I did not think I would see it. During her colonial internment, Zinat Mahal, the last dowager empress of Mughal India, posed for the camera in 1872. The only photograph of Zinat Mahal known widely today is her individual portrait from that sitting. However, she decided specifically to pose with Emily Wheeler, a British memsahib who helped manage her custody. Since the empress rarely consented to being photographed, a double portrait would be significant. But if such a photograph existed, it was long lost. Archival catalogues no longer mentioned its existence.

Therefore, I was stunned to find the double portrait in The Connoisseur, a magazine for art collectors. The photograph was printed and circulated almost a century ago, in an issue from 1929. Scaled to be viewed in the palm of one’s hand, the portrait shows Zinat Mahal and Emily Wheeler sitting next to each other. They act like any well-to-do pair engaged in the awkward ritual of studio photography.

Internment images can be sites of compromised consent in different ways. The mug shot, for instance, formalizes a visual mode of compulsion at the start of the penitentiary experience. In the empress’s case, intersections of religion, class, and race coalesced in laws of veiling. The veil influenced if and how faces and figures were revealed to the camera and what happened to the plates and prints, write Deepali Dewan and Deborah Hutton in their book on Raja Deen Dayal. At the same time, the veiled woman was also an Orientalist figure on whom were projected ideas of duress, tradition, and sexuality. Consent is a knotty construct when it comes to a dispossessed Muslim royal in internment.

Scattered archival sources, from custody reports to provenance letters, note that Zinat Mahal refused to be photographed for a long time. Her internment manager, James Talboys Wheeler (Emily Wheeler’s husband), reported in March 1871 that she declined to be photographed when her family members did sittings. But then, she changed her mind, and negotiated enigmatic terms for her consent.
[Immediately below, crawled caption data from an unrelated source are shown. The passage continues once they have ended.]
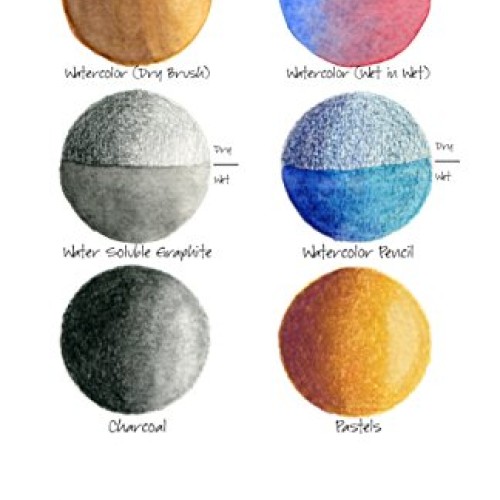 Canson Artist Series Montval Watercolor Pad, 5.5” x 8.5”, Top Wire...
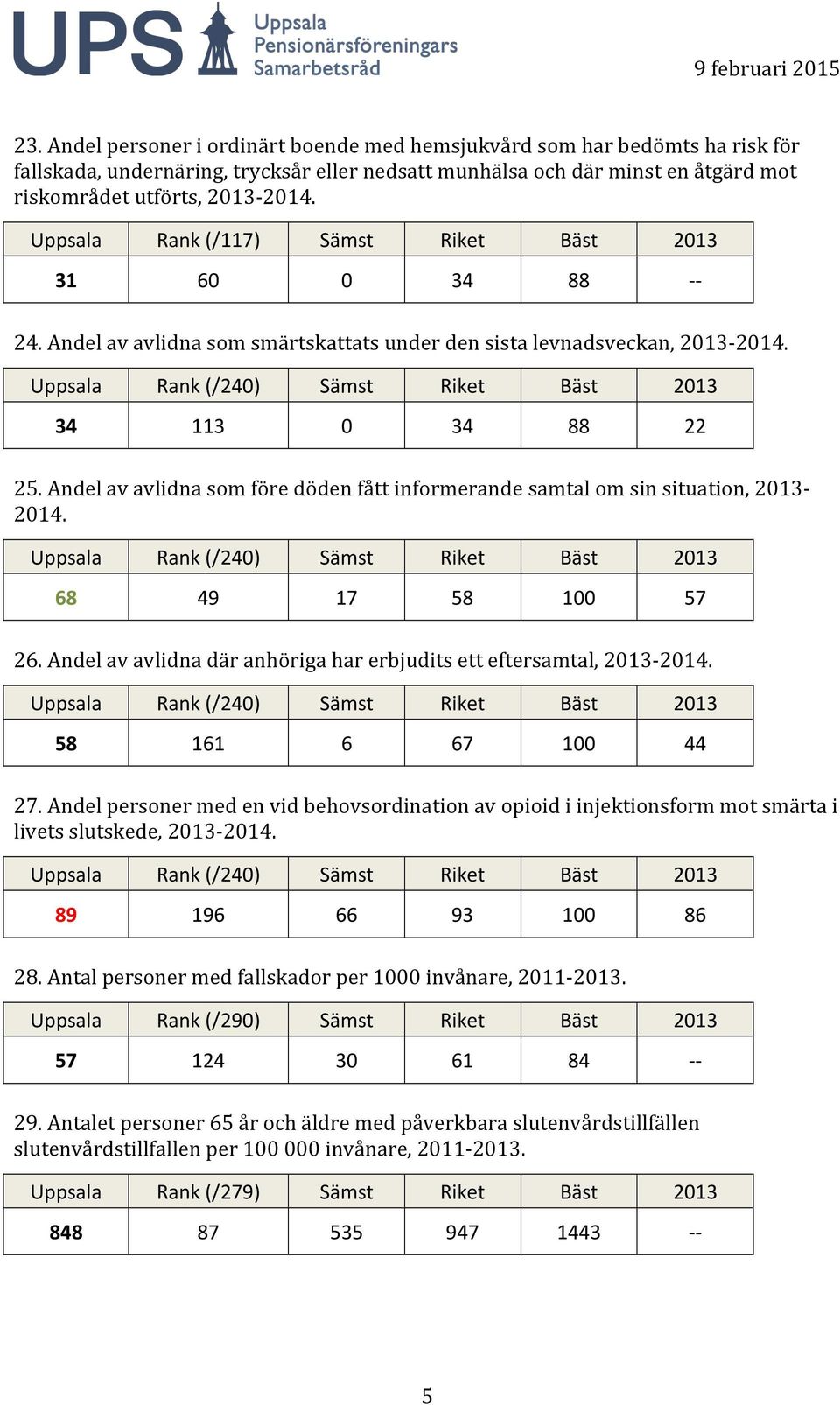 Andel av avlidna som före döden fått informerande samtal om sin situation, 2013-68 49 17 58 100 57 26. Andel av avlidna där anhöriga har erbjudits ett eftersamtal, 2013-58 161 6 67 100 44 27.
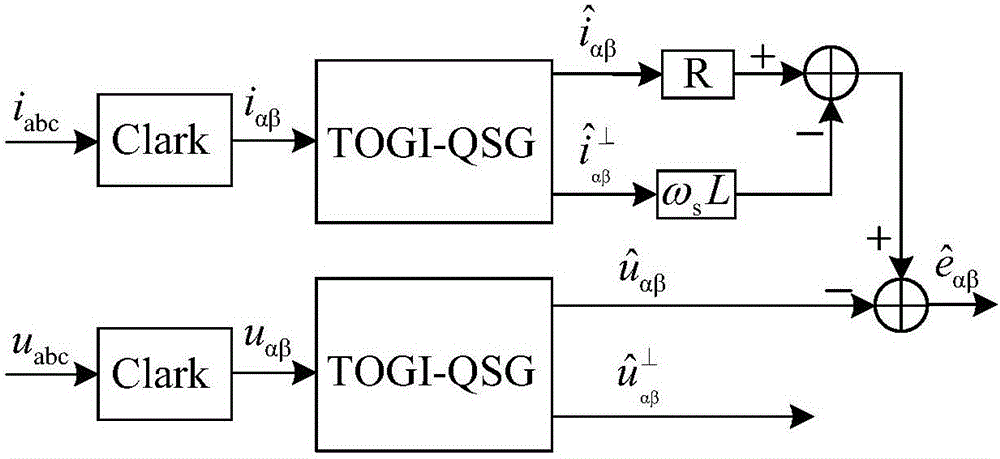 Non-AC voltage sensor control method of grid-connected inverter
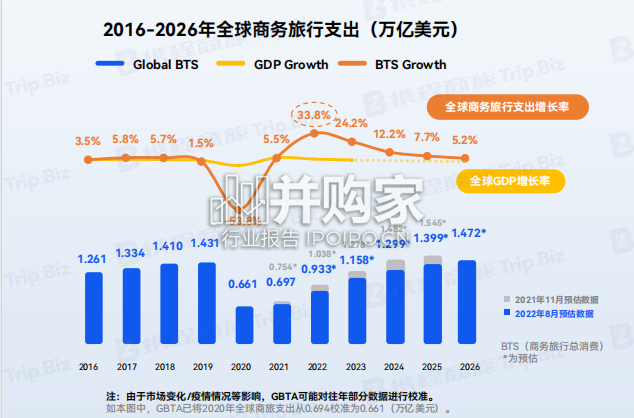 2022-2023年商旅管理市场白皮书(88页)-第1张图片 2022-2023年商旅管理市场白皮书(88页)-第1张图片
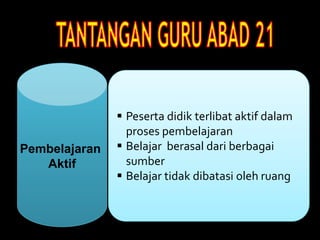 Pembelajaran
Aktif
 Peserta didik terlibat aktif dalam
proses pembelajaran
 Belajar berasal dari berbagai
sumber
 Belajar tidak dibatasi oleh ruang
 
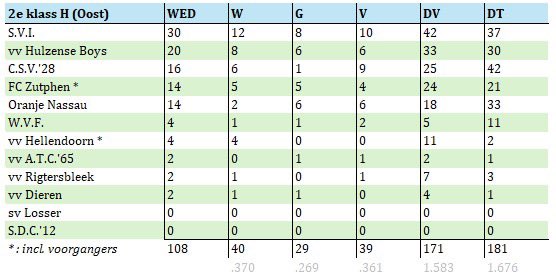 📊- Indeling <a href="/SVGramsbergen/">SVGramsbergen</a> voor het seizoen 2025/26. Na 1 seizoen 'Noord' weer -terug- in 'Oost', met veel bekende clubs zoals <a href="/vvsvi/">v.v. SVI</a> <a href="/hulzenseboys/">Hulzense Boys</a> en eigenlijk maar twee onbekenden <a href="/SDC12Denekamp/">SDC '12</a> <a href="/sv_losser/">SV Losser</a> 

<a href="/sportstentorzwo/">Stentor Sport Zwolle</a> <a href="/tubantiasport/">Tubantia Sport</a>  
#competitie #oost #H2H #svgstats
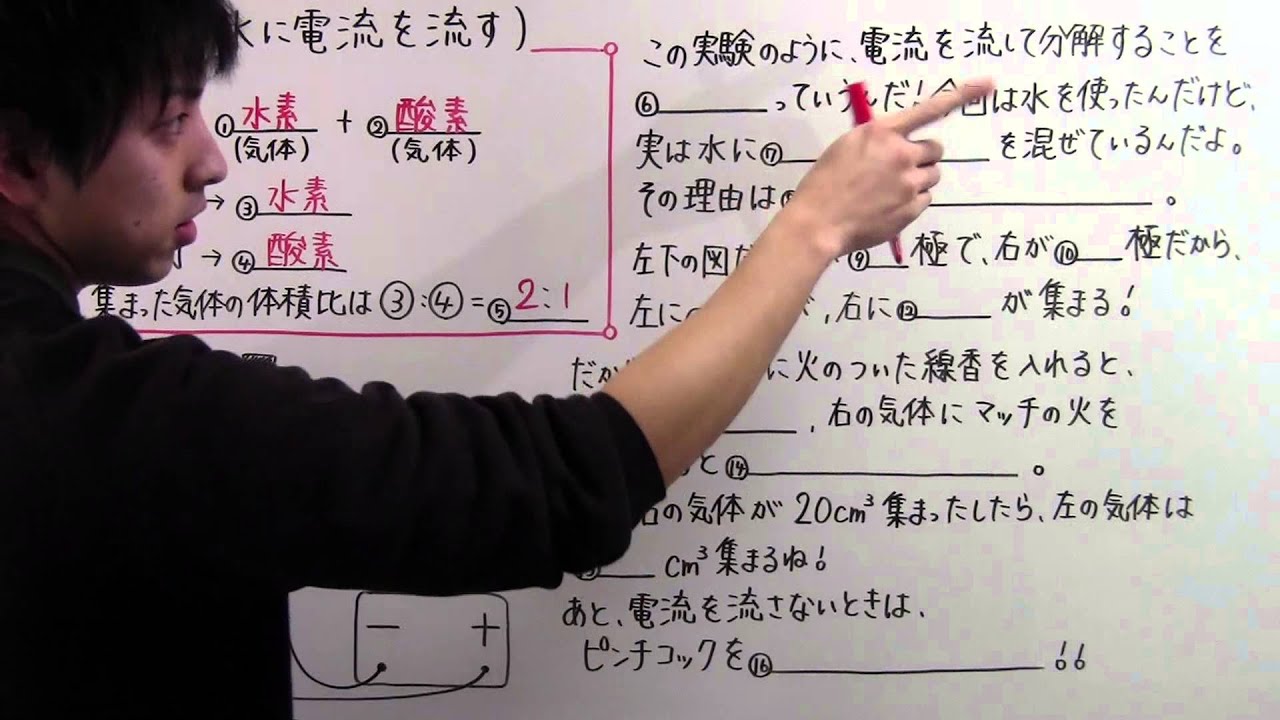 【中２　理科】　　中２－３　　水に電流を流す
Zinat Mahal asserted that she would appear before the lens only if Emily Wheeler joined her in the portrait, as per a letter archived at the British Library in London. “For a long time the old lady refused to sit and then would only consent if my mother sat with her,” recalls Wheeler’s son in a letter from January 1921.“It seems that difficulty was experienced in persuading the ex-Queen to pose for her portrait, and that she only consented on the condition that Mrs. Wheeler sat with her,” repeats F. Gordon Roe, from family accounts, in The Connoisseur story.

Without trying to guess her motive, what is clear is that Zinat Mahal made her photographic consent conditional on a couple style of portraiture. The couple form enacted a relation, binding her and the unknown memsahib together forever. Intensely banal though the double portrait is, it emerges from a queer creative relation with the camera.

The difference between individual and group portraiture often has racial implications. Reading passport photos, especially Chinese head tax photos in Canada, Lily Cho suggests that the “emotional neutrality” ordered in ID pictures exemplifies not only what an ideal citizen “should look like but also what they should feel like.” State suspicion drives the neutral diasporic face. And, in the context of the United States carceral system, Nicole Fleetwood explores Black prisoners’ resistance to isolation as one of the “practices of survival.” Among such scenarios, Zinat Mahal’s refusal of the individual portrait is a refusal of solitary and suspicious forms of portraiture.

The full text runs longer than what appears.